(Recorded data)
* * *

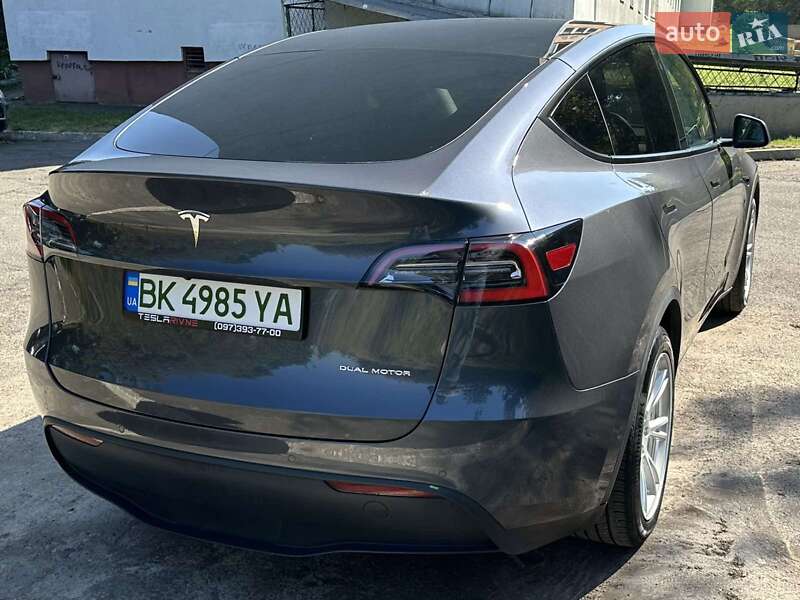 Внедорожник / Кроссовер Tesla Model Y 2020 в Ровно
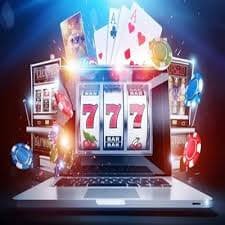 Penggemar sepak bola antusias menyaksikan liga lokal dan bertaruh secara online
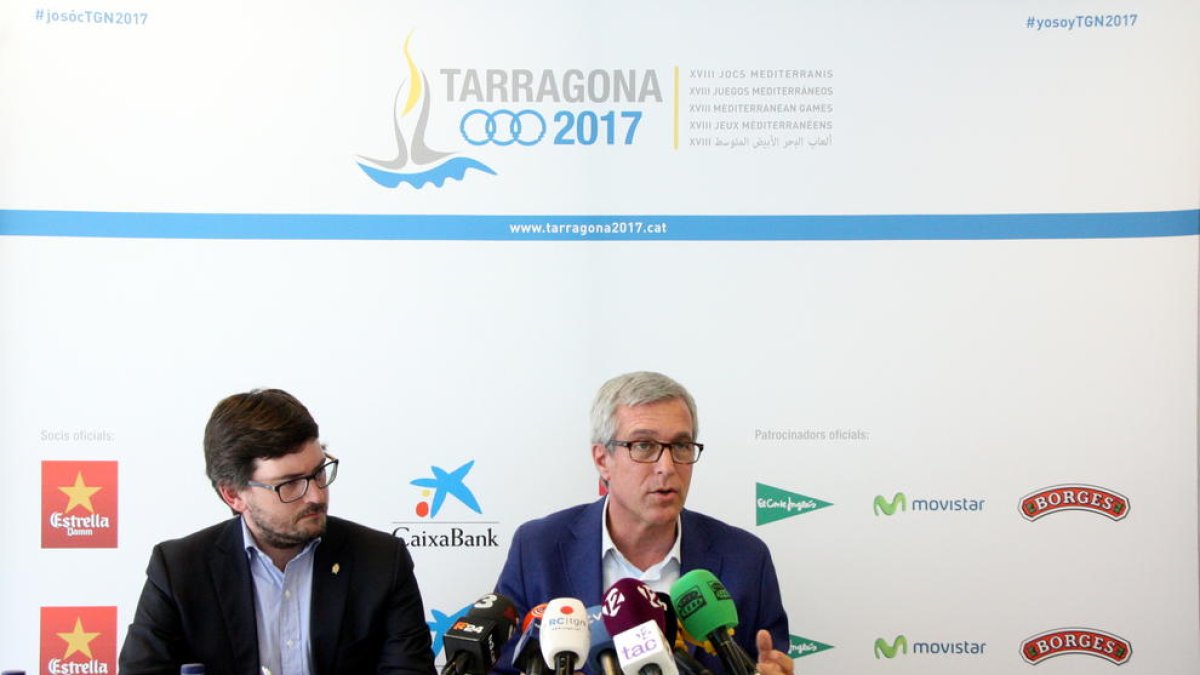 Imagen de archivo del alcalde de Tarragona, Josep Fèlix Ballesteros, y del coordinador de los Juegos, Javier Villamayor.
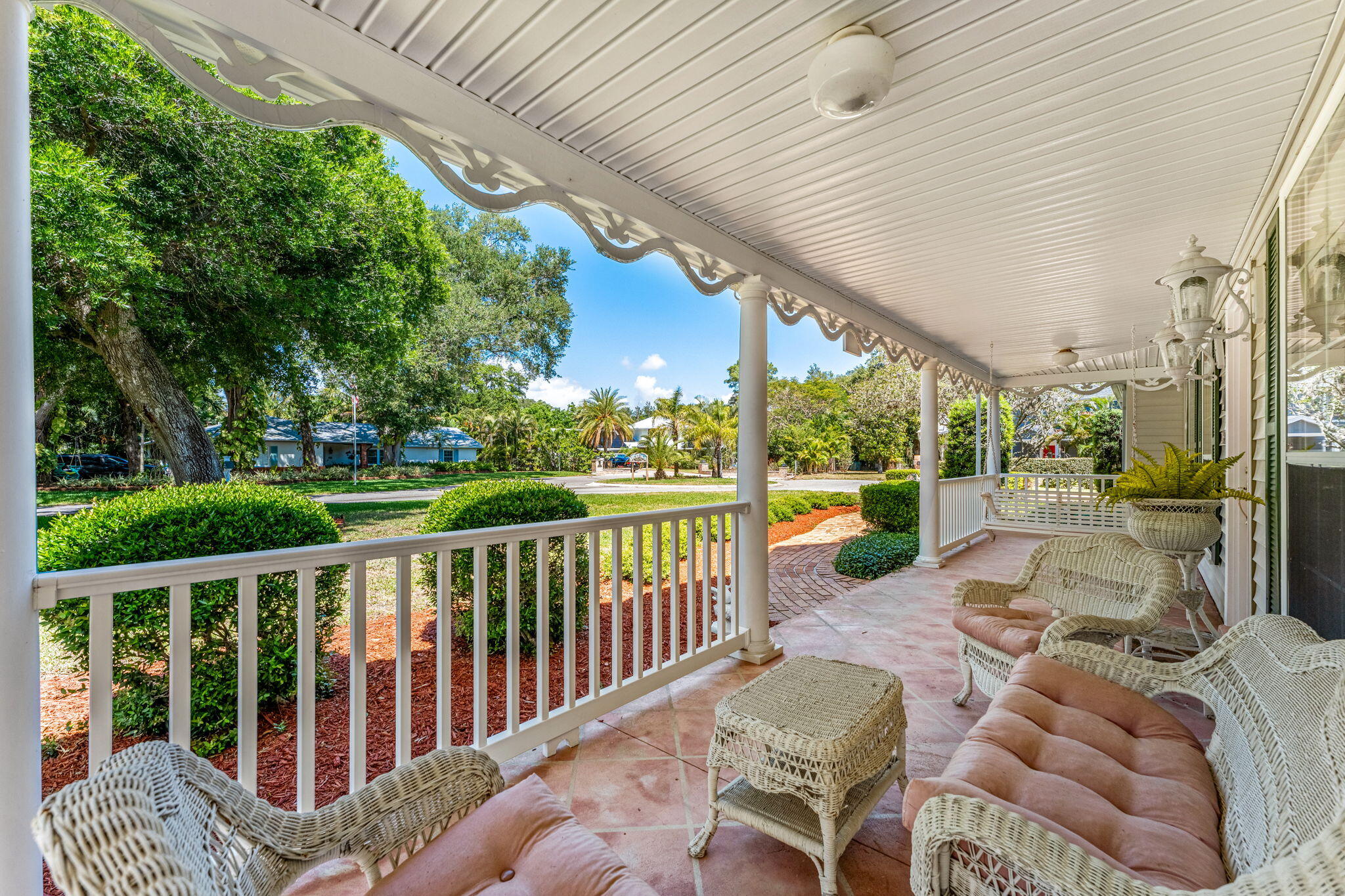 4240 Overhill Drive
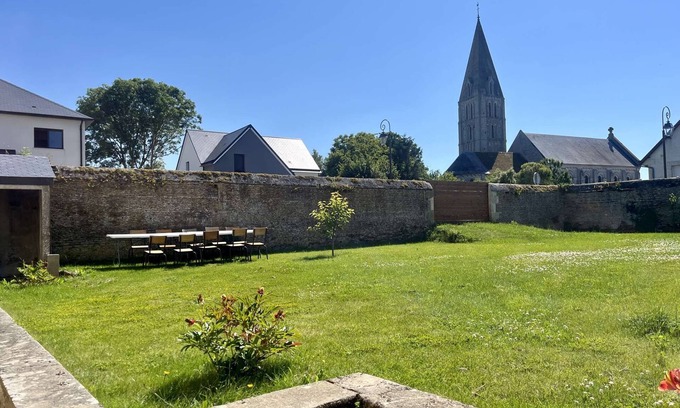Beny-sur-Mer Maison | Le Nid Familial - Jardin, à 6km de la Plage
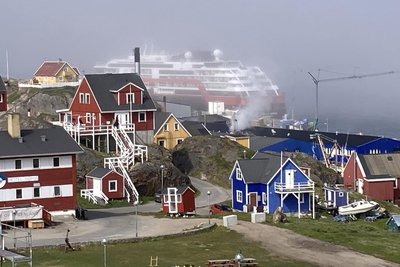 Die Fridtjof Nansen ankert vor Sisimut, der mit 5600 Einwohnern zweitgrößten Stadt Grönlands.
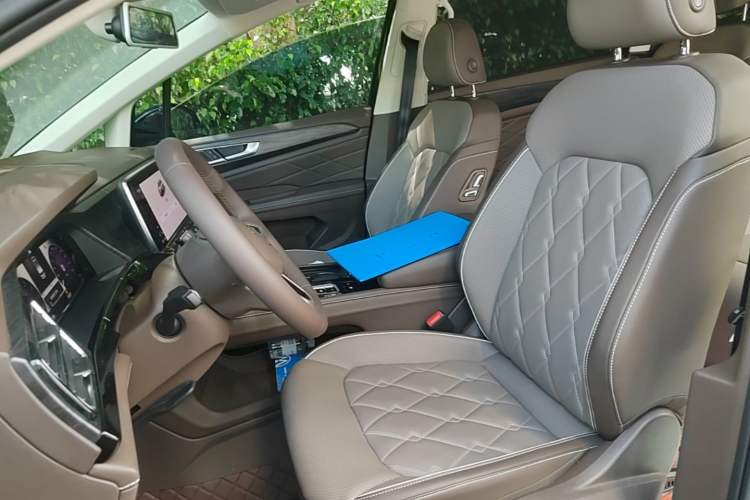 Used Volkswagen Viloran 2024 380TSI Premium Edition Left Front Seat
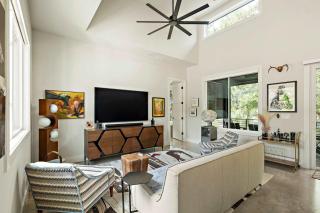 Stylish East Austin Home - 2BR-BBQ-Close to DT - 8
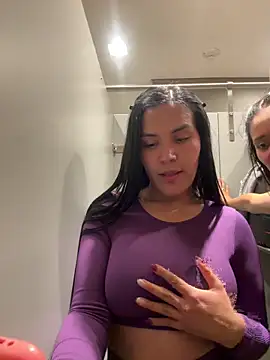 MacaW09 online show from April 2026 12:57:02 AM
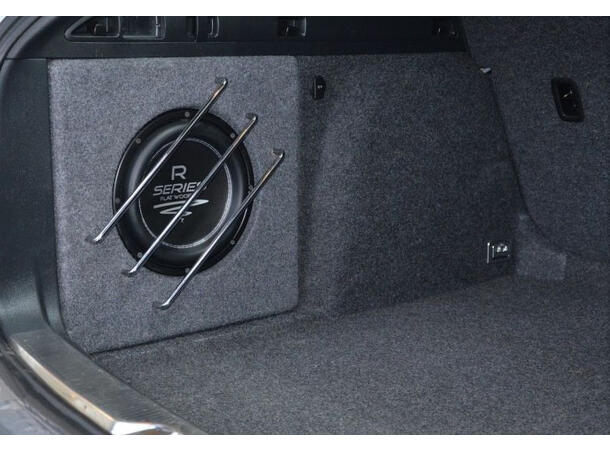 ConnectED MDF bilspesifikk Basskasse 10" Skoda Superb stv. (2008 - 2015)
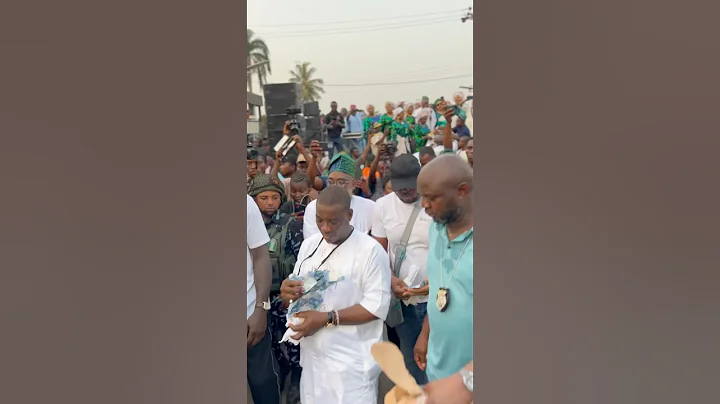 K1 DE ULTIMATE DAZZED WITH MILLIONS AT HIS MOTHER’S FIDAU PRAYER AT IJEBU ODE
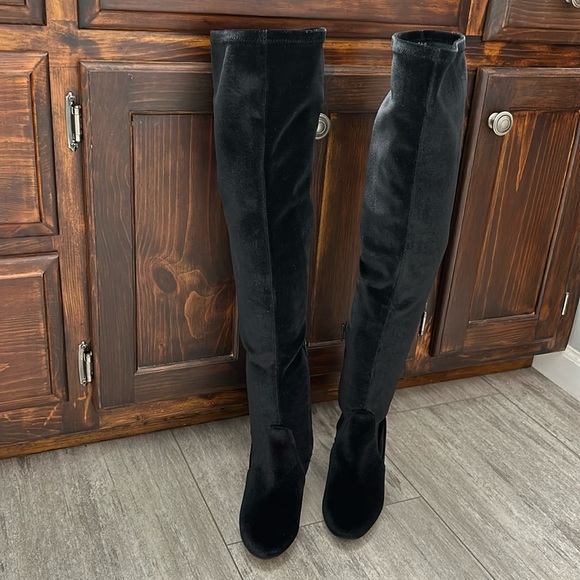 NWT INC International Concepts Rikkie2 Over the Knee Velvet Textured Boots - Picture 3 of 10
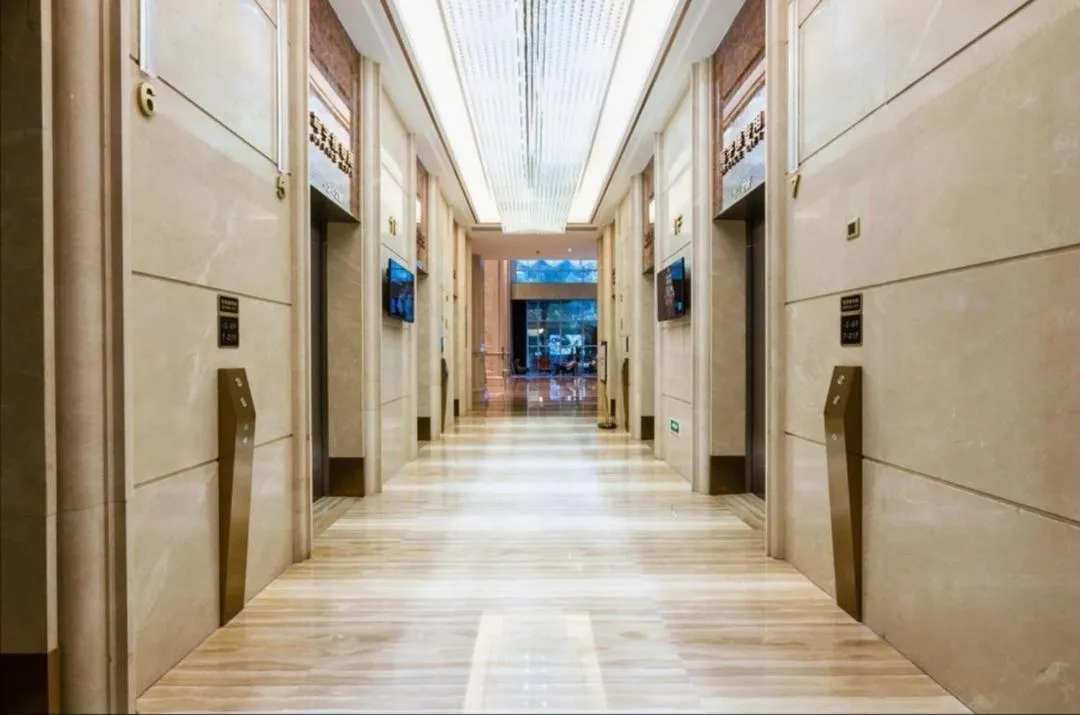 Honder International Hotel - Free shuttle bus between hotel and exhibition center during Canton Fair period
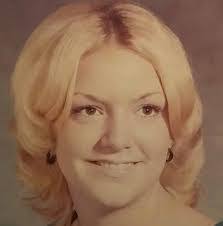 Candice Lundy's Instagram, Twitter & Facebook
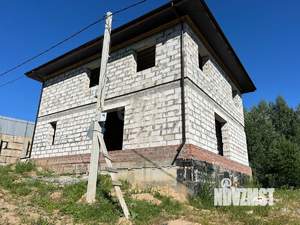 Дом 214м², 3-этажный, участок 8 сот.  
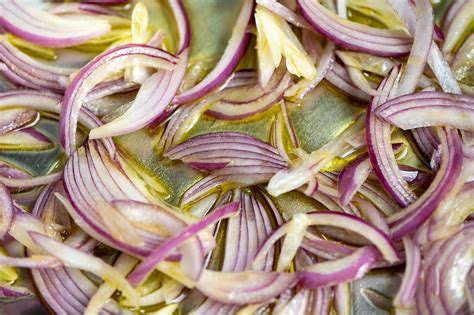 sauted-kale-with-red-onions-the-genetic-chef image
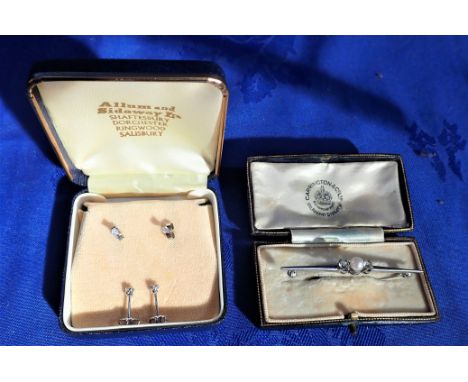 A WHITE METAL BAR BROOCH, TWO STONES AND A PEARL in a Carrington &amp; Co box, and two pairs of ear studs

* * *

§ **WORK INSTRUCTION**
Would you copy all of the data exactly? Keep the pictures out of it.

§ **WORKED SOLUTION**
 Внедорожник / Кроссовер Tesla Model Y 2020 в Ровно
 Penggemar sepak bola antusias menyaksikan liga lokal dan bertaruh secara online
 Imagen de archivo del alcalde de Tarragona, Josep Fèlix Ballesteros, y del coordinador de los Juegos, Javier Villamayor.
 4240 Overhill Drive
Beny-sur-Mer Maison | Le Nid Familial - Jardin, à 6km de la Plage
 Die Fridtjof Nansen ankert vor Sisimut, der mit 5600 Einwohnern zweitgrößten Stadt Grönlands.
 Used Volkswagen Viloran 2024 380TSI Premium Edition Left Front Seat
 Stylish East Austin Home - 2BR-BBQ-Close to DT - 8
 MacaW09 online show from April 2026 12:57:02 AM
 ConnectED MDF bilspesifikk Basskasse 10" Skoda Superb stv. (2008 - 2015)
 K1 DE ULTIMATE DAZZED WITH MILLIONS AT HIS MOTHER’S FIDAU PRAYER AT IJEBU ODE
 NWT INC International Concepts Rikkie2 Over the Knee Velvet Textured Boots - Picture 3 of 10
 Honder International Hotel - Free shuttle bus between hotel and exhibition center during Canton Fair period
 Candice Lundy's Instagram, Twitter & Facebook
 Дом 214м², 3-этажный, участок 8 сот.  
 sauted-kale-with-red-onions-the-genetic-chef image
 A WHITE METAL BAR BROOCH, TWO STONES AND A PEARL in a Carrington &amp; Co box, and two pairs of ear studs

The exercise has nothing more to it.